Reported by Thomas Keller, Mar 8, 2011
A regression originating from commit 336faa4503 breaks some commit views for the monotone backend (for interested parties, monotone commit 3d96895e9ff2ea7d2eaa5ad2c46f60cfbf146461). The issue is that the parser won't recognize any next file diff in a multi-file diff output as long as the variable $indiff stays `true`. Reverting the previously mentioned change fixes the issue for mtn, but possibly breaks again with svn. Maybe we should rework the parser to ultimatively recognize "+++" as start of a new file diff and not any of the ever-changing header lines of all the different SCMs. And we should really add some unit tests for the parser to ensure we do not break with any SCM's diff output again in the future.
Comment 1 by Patrick Georgi, Mar 8, 2011
Attached patch is a rewrite of the diff parser. It parses diffs more directly: 1. skip non-diff data 2. read header (--- and +++ lines) 2a. if header malformed, go to 1 3. while hunk header is at the current position, parse chunk 3a. if hunk malformed, try if a new hunk starts at the current location 4. go to 1 So it tries to be robust in light of misformatted diffs, but I didn't test that yet.
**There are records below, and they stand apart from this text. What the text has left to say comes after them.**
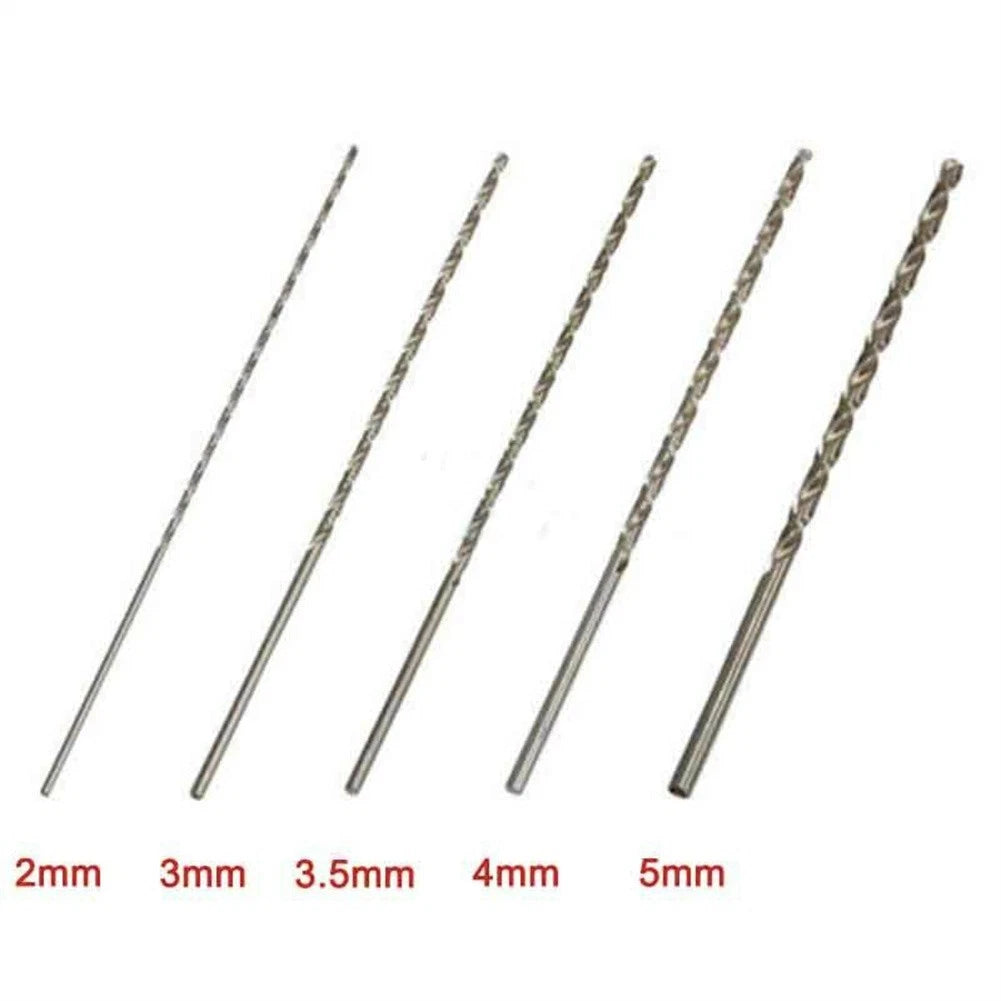 10-Piece Extra Long Drill Bit Set 2mm/3mm/3.5mm/4mm/5mm (150mm Length)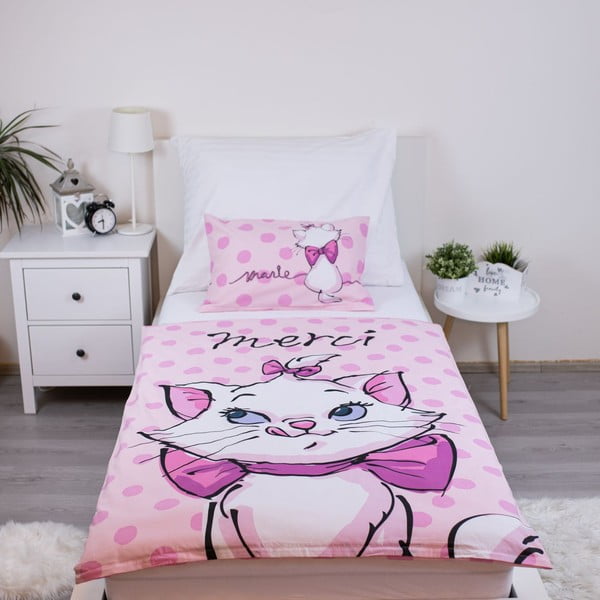 Rožinės spalvos iš medvilnės vaikiška patalynė vaikiškai lovai 100x135 cm Marie Cat "Merci" – Jerry Fabrics-image-1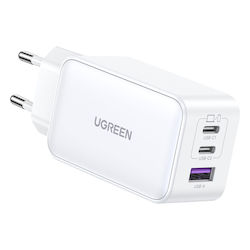 Ugreen Încărcător Fără Cablu GaN cu Port USB-A și 2 Porturi USB-C 65W Albς (Nexode )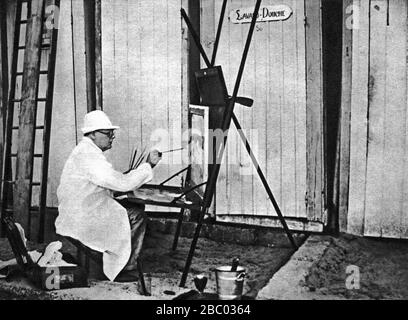 Winston Churchill Gemälde von den Badehätten am Cap D'Antibes, Französische Riviera. 1932 Stockfoto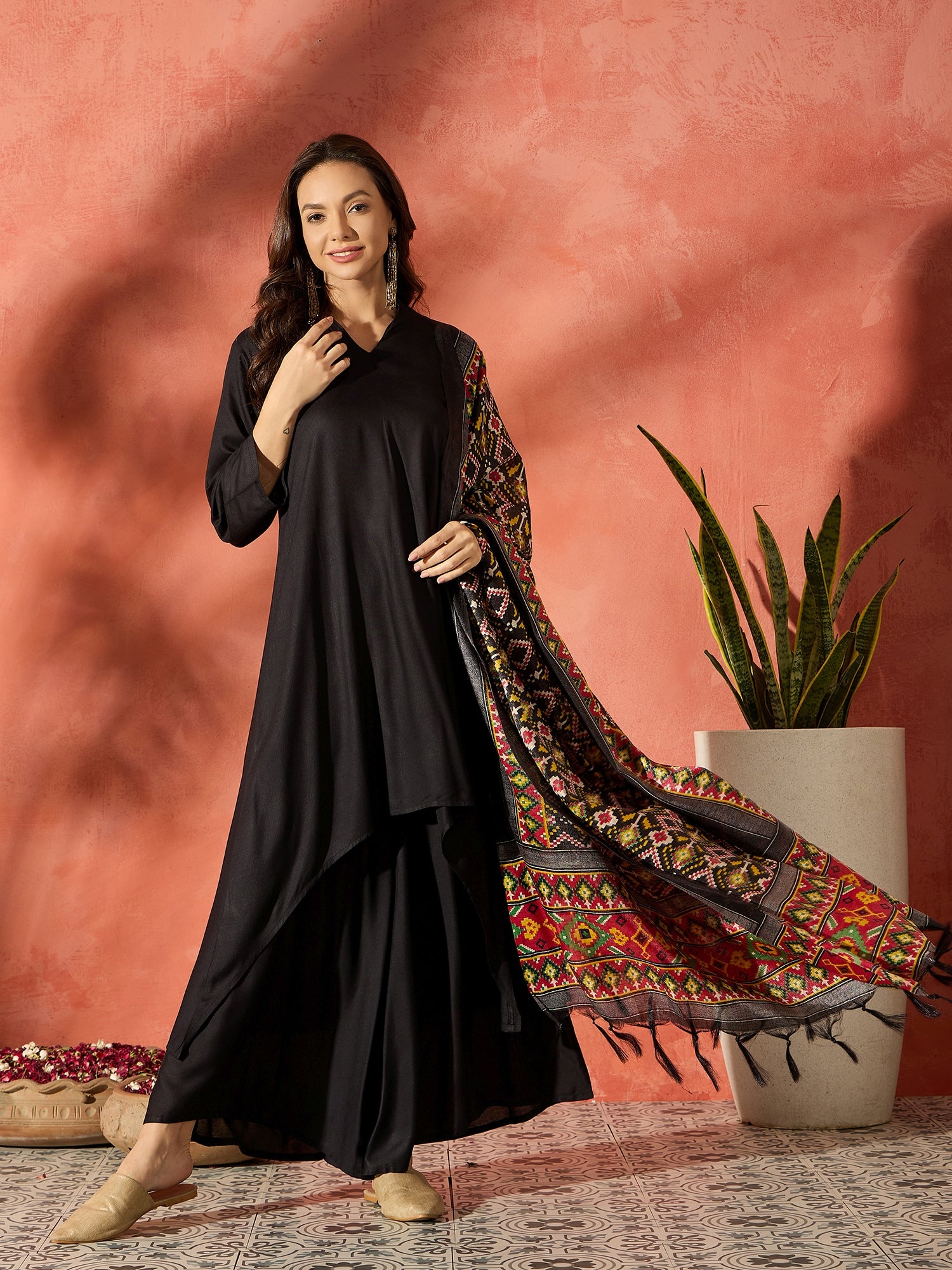 Black Mandarin Patola Kurta Set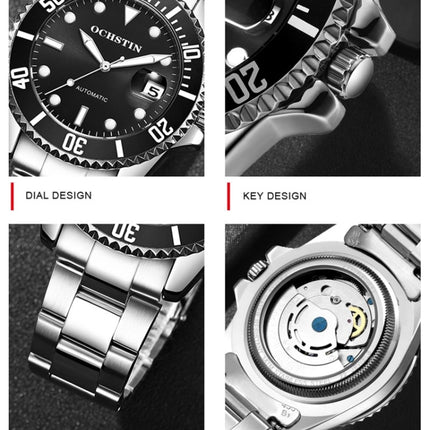 OCHSTIN 6126 Water Ghost Full Automatic Solid Stainless Steel Men Mechanical Watch Waterproof Night Light(Blue)-garmade.com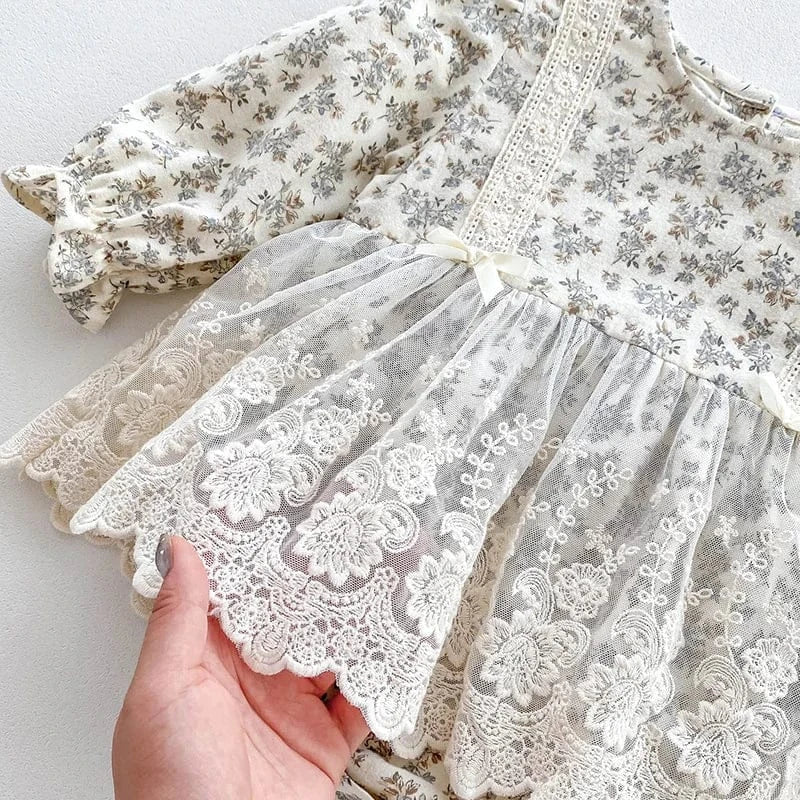 長袖ロンパース ベビーロンパース ボンネットセット 長袖レーススカートドッキングボディスーツ 帽子セット フラワー花柄プリント【mh0006502】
For common errors (eg. extra newlines in the text) it will drop some hunks that it could recover with some extra complexity, but the patch would be broken regardless. Tested with a couple of mtn and git repos, but I don't have svn or hg around for testing.
Comment 2 by Patrick Georgi, Mar 8, 2011
Actually, I found an svn repo - looks good. So only mercurial is still untested.
Comment 3 by Thomas Keller, Mar 9, 2011
We definitely need more tests for this change. There is at least one cornercase I found where the hunk parser will fail - for single line adds / deletes. GNU diff leaves ",1" optional, so lines like "@@ -l -l,s @@" or "@@ -l,s -l @@" are valid and must be parsable as well. In fact, if you create a new single line file in monotone and add it, it will return you such a hunk. Other than that very good work. To get this into 1.1 we just need more confidence that it really works for at least all the cases it worked previously :)
Comment 4 by Thomas Keller, Mar 9, 2011
...and of course I meant "@@ -l +l,s @@" and "@@ -l,s +l @@" Sorry for the noise.
Comment 5 by Patrick Georgi, Mar 9, 2011
Ah, wasn't aware of that quirk - the new patch has support for it. I tested the issue with an ad-hoc test suite, but that requires more work before it's ready for public consumption.
Comment 6 by Patrick Georgi, Mar 16, 2011
Attached: - Updated parser (slightly more compatible, though it shouldn't matter in real life) - Patch to hopefully reduce memory use (by discarding references to string representations early) - Test suite: Unpack to indefero toplevel directory, run with "php testdiff.php". Compares src/IDF/Diff.php to the original version (added as Diff.original.php) Result: Identical behaviour except for svn, where some additional bits are added to the internal data structures (which are not used later). These additional bits are misinterpretations ("empty" files for empty file additions which svn emits by its svn-header only, without a diff; svn metadata is added to the diff data, where it definitely doesn't belong) I refuse to implement _that_ quirk in the new parser, too.
Comment 7 by Thomas Keller, Mar 16, 2011
The first two patches have been committed in revision baa8841. I added the missing method to set the strip path level for IDF_Scm_Mercurial as well and fixed a couple of whitespace issues. I'll add some phpunit test infrastructure and the Diff tests in a few.
Comment 8 by Thomas Keller, Mar 17, 2011
Test infrastructure and test itself have been added in commit 61d7b4a .